Rod Liddle Rod Liddle

Stop the sabre-rattling

It’s not their side that worries me; it’s ours

issue 22 October 2016

I have been wondering these last few weeks whether it would be cheaper to excavate a basement and buy a Geiger counter and iodine tablets, or emigrate to New Zealand. Call me frit, but I don’t like the way things are heading. Probably the second option is easier: Armageddon outta here, etc. I can re-enact Nevil Shute’s On the Beach from some rocky cove near Dunedin, waiting for the fallout to arrive.

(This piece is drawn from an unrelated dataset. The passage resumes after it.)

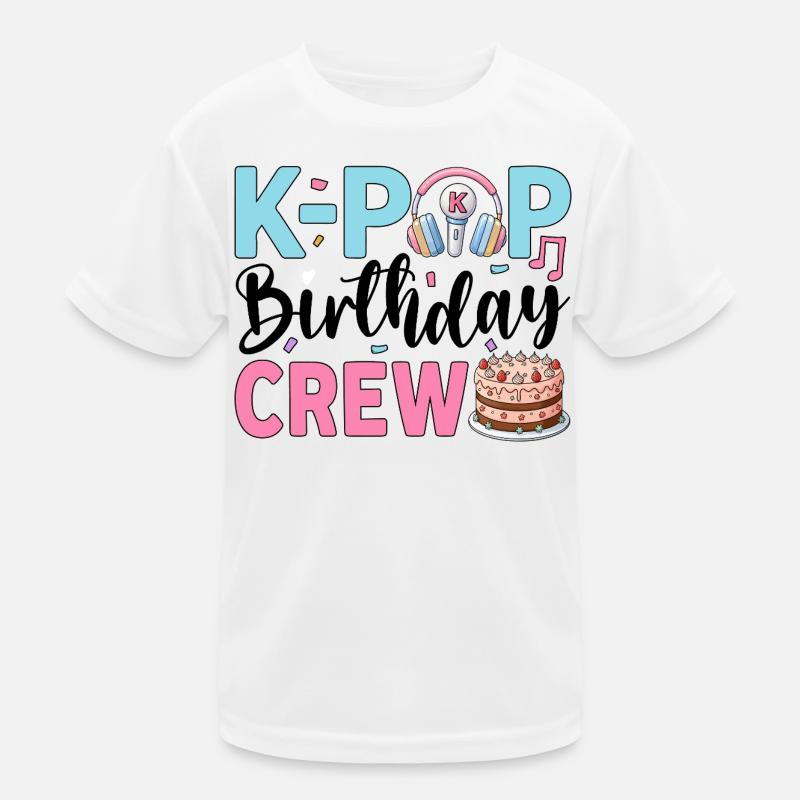 Équipe d’anniversaire K-Pop T-shirt sport Enfant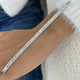 Emerald Cut Diamond Tennis Bracelet, 14K Gold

I was sentient only during the latter stages of the Cold War but from what I can remember, the two sides, them and us, behaved for the most part with a degree of rationality and common sense. (I like my politicians to be pragmatic rather than charismatic, which is why, if you were to ask who my favourite Soviet despot was, Brezhnev would always be the answer. Rather his grey, oppressive stolidity and détente than Khrushchev’s flaky, table-thumping, peasant-in-a-strop hyperbole.) Back then, when Reagan announced on microphone ‘we begin bombing in five minutes’ it was evident to everyone that he was joking. Today, when some deranged Tory MP clambers to his feet and demands we start shooting down Russian jets, it is evident to everyone that he is not joking, merely idiotic and dangerous. But it is a gung-ho idiocy which is catching. Every day sees a ratcheting up of the rhetoric against Russia. Some of it comes from our military, which is perhaps more comfortable dealing with a foe it understands, rather than with disparate gangs of nihilistic jihadi lunatics. We are warned, then, that Iskander missiles are being sited near the Baltic coast, the better to menace Latvia, with its large Russian population, and Poland. And then every day the tabloids tell us that Russian jets are flying up and down our coastline. As if they haven’t been flying up and down our coast for 70 years.